La povera Rosa Capuozzo, sindaco di Quarto eletta come candidata Cinque Stelle, è la vittima designata di un sistema di merda e della astrattezza politica di un movimento fondato su principi illusori.
Le ultime ore ci consegnano questo quadro: Beppe Grillo la invita anche lui alle dimissioni, dopo l’insolito e duro scontro tra maggiorenti della’”ala napoletana” del M5S, Di Maio e Fico, sulla base di un calcolo realistico del danno che la vicenda sta creando all’immagine pubblica del movimento.
Tutt’intorno la canea vociante dei corrotti e dei servi (esponenti di partito, media, scrittori di regime, ecc) che hanno il solito, unico, obiettivo: se proprio non si riesce a difendere i propri uomini (e tra Pd, Forza Italia e Lega, per restare ai principali, è ormai difficile dire chi abbia prodotto più delinquenti, spesso in associazione tra loro, come Mafia Capitale ha certificato) bisogna dimostrare che “sono tutti uguali”.
Dall’altra parte sembra arrivare al capolinea una subcultura politica semplicistica e facilona, che suddivideva il mondo tra una “kasta” rapace e “i cittadini”, senz’altra specificazione, considerati tutti e per principio buoni, onesti e consapevoli di quel che c’è da fare.

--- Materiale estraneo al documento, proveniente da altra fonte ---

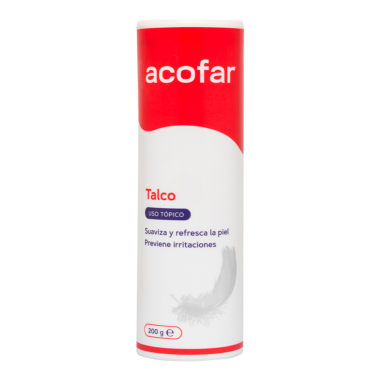 ACOFAR TALCO  1 ENVASE 200 G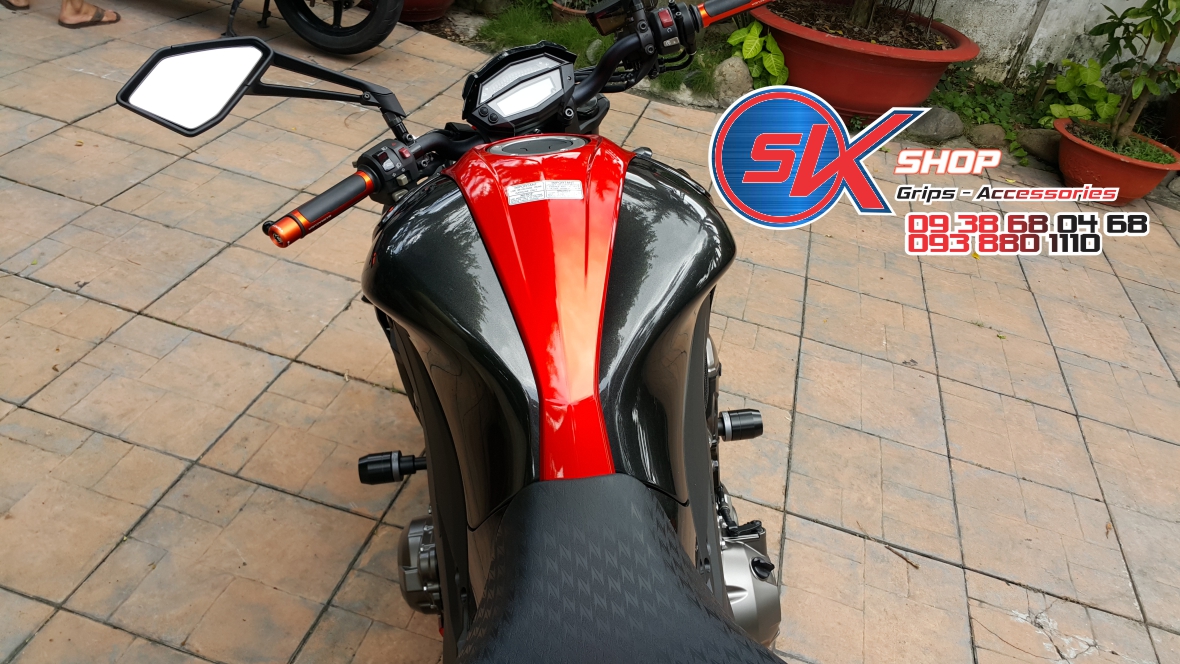 SK SHOP CHUYÊN CHỐNG ĐỔ MOTOVATION & RIZOMA CHO DÒNG PKL Z300 Z800 Z1000 R3 Z1000_5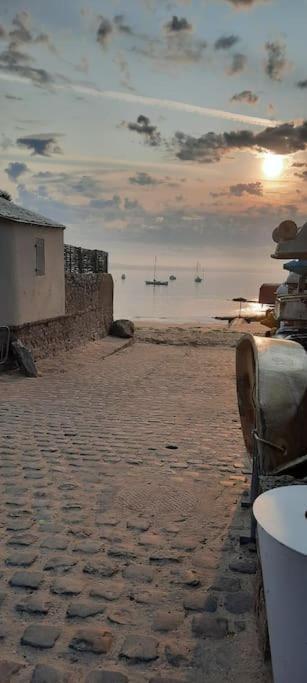 Cottage Bord De Mer Le Pouliguen Dış mekan fotoğraf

La realtà dimostra a iosa che la “kasta” è effettivamente quella roba lì (tranne le solite eccezioni molto isolate, tanto che si fatica ormai a trovarle), ma “i cittadini” non sono affatto tutti uguali e “perbene”; e qual che c’è da fare dipende da molte cose, non risolvibili con un sondaggio tra gli iscritti (spesso pochissimi, a ivello locale).
Ci sono le strutturali differenze di classe (ma a queste pensiamo ormai in pochi, anche se sono quelle principali), che davanti a qualsiasi problema politico o amministrativo generano risposte differenti in corrispondenza di interessi differenti o addirittura opposti. Per esempio, i servizi pubblici. “Li privatizziamo” gridano i “cittadini” che possiedono aziende o imprese commerciali (e anche qualche deficiente disinformato), convinti che il privato sia sempre più efficiente e onesto del “pubblico”. “Li liberiamo dagli amministratori corrotti, li rendiamo più efficienti e garantiamo diritti agli utenti”, si propongono quanti campano soltanto del proprio lavoro, quand’anche lo hanno.
Ma anche volendo far finta che la posizione sociale nella produzione sia ininfluente, restano comunque enormi differenze che l’ideologia grillina si è fin qui ben guardata dall’evidenziare. E così accade che in alcuni territori pezzi di società organizzata nella difesa di interessi a cavallo tra tra legale e criminale, di fronte al tracollo delle vecchie rappresentanze politiche, abbia scelto di non farsi scavalcare dai nuovi trionfatori, prima ancora del successo. A Quarto e a Gela, pur nella profonda diversità delle situazioni, questa società “infetta” (nella concezione ideale grillina) ha fatto di necessità virtù, infilando propri rappresentanti “immacolati”, dal punto di vista giudiziario, nelle liste ellettorali del M5S.
Obiettivo facile, come notavamo altre volte (https://www.contropiano.org/politica/item/34635-il-caso-quarto-faccia-tosta-del-pd-e-i-bachi-dell-ideologia-grillina), perché il meccanismo di selezione attraverso meetup e rete non può selezionare assolutamente nulla, tranne i registrati nel casellario giudiziale. Storia, idee, esprienze passate, collegamenti sociali virtuosi o indicibili, insomma tutto ciò che rientra nelle normali conoscenze che una collettività possiede per prassi quotidiana, viene tenuto fuori. Ma rientra sempre, e tanto più facilmente quanto più certi “pezzi di società” sono organizzati saldamente a difesa dei propri interessi.
Quella di ridurre la politica a semplice amministrazione delle opinioni maggioritarie è un’antica e pericolosa illusione. Che viene svelata – sempre – alla prima prova pratica.